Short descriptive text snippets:
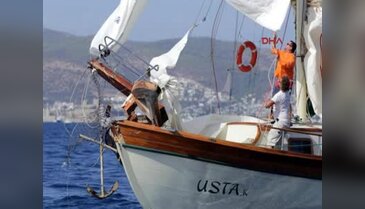 Bodrum'da ilk gün yarışlarında kaza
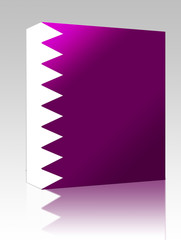 Flag of Qatar box package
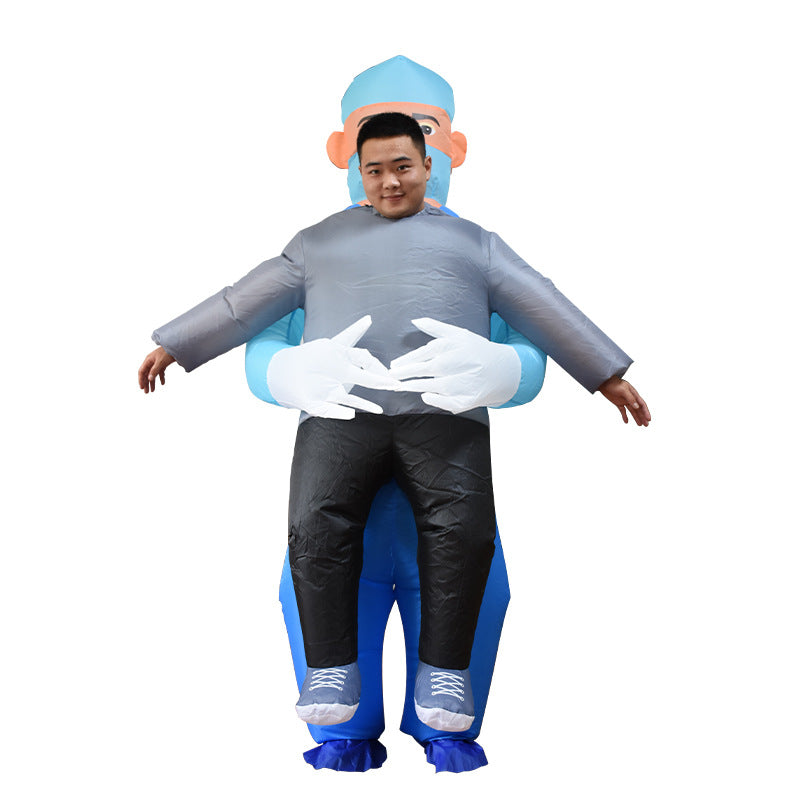 Factory Halloween ghost hugging inflatable costume alien ET props inflatable costume walking performance costume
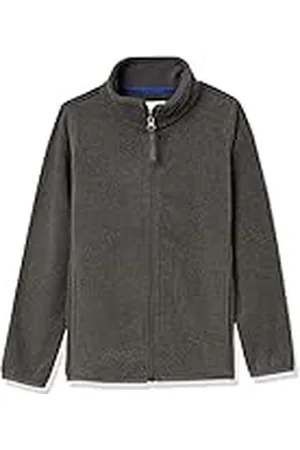 Amazon Chaqueta de Forro Polar con Cremallera Completa y Cuello Levantado Niño, , 6-7 años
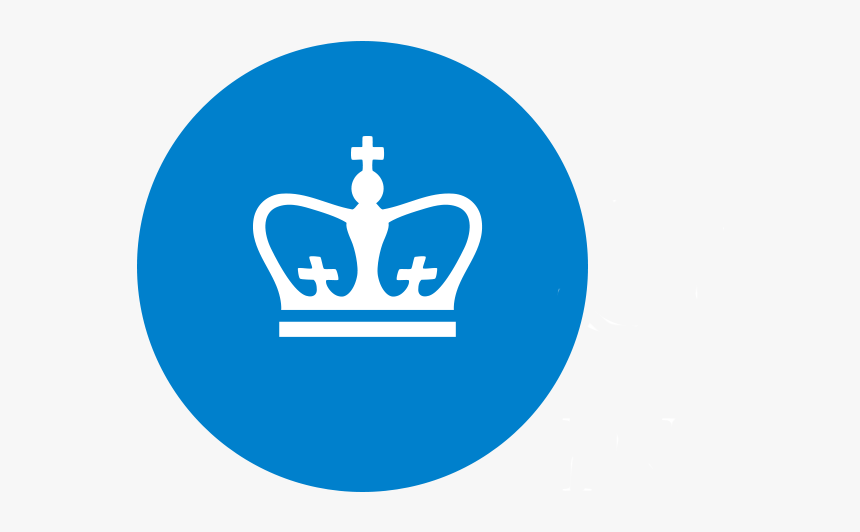 White Crown In Blue Circle - Columbia University Symbol, HD Png Download, Free Download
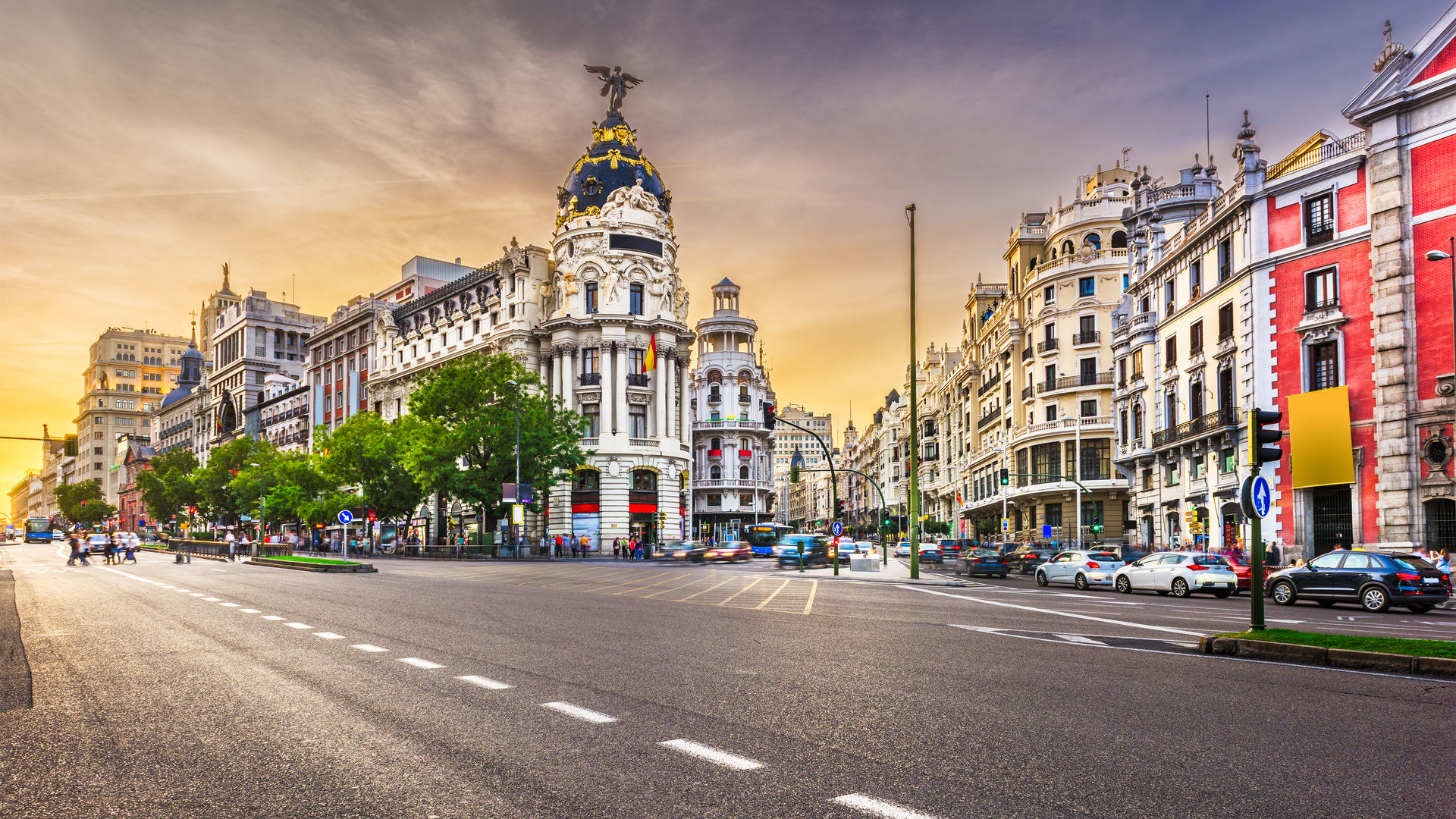 Gran Vía, Madrid, Spain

What to work on: Repeat every record precisely. Any picture among them stays out of the copy.

Output:
 Bodrum'da ilk gün yarışlarında kaza
 Flag of Qatar box package
 Factory Halloween ghost hugging inflatable costume alien ET props inflatable costume walking performance costume
 Amazon Chaqueta de Forro Polar con Cremallera Completa y Cuello Levantado Niño, , 6-7 años
 White Crown In Blue Circle - Columbia University Symbol, HD Png Download, Free Download
 Gran Vía, Madrid, Spain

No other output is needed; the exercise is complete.